REVIEW
Stallybrass, Peter. "Macbeth and witchcraft."
Focus on Macbeth. Ed. John Russell Brown. London: Routledge, 1982. 189-209.

Thesis: Stallybrass first states his belief that witchcraft was a "social construction from which we learn more about the accuser than the accused, more about the social institutions which tolerate/encourage/act on those accusations than about the activities of those people (in England, mainly women, mainly poor) who were persecuted as witches" (190). Stallybrass goes on to say that witchcraft accusations enforced conformity to patriarchal social norms, and that witchcraft in Macbeth is "a particular working upon and legitimation of, the hegemony of patriarchy" (190).

Some Highlights:
On King James's interest in witchcraft: "To suggest . . . that the monarchy was under demonic attack was to glorify the institution of monarchy, since that implied that it was one of the bastions protecting this world from the triumph of Satan" (191-192).
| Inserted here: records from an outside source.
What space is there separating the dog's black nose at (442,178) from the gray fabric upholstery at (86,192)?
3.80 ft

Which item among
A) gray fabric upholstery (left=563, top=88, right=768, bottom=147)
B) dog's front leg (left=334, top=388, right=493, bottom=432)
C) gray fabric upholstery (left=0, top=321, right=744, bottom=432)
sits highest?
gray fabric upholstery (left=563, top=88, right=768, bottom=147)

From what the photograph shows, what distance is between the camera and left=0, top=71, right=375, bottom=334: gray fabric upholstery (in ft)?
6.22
On the similarity between the witches and Lady Macbeth: "Lady Macbeth and the Witches are equated by their equivocal relation to an implied norm of femininity. Of the Witches, Banquo says:

                        You should be women,
And yet your beards forbid me to interpret
That you are so.                      (I.iii.45-7)
And Lady Macbeth invokes the 'murd'ring ministers' (I.v.45) to unsex her" (196).

On the relationship between witchcraft and politics:"Witchcraft is associated with female rule and the overthrowing of patriarchal authority which in turn leads to the 'womanish' (both cowardly and instigated by women) killing of Duncan, the 'holy' father who establishes both family and state" (201).

Bottom Line: Interesting commentary, even though the author loses sight of the play as a tragedy.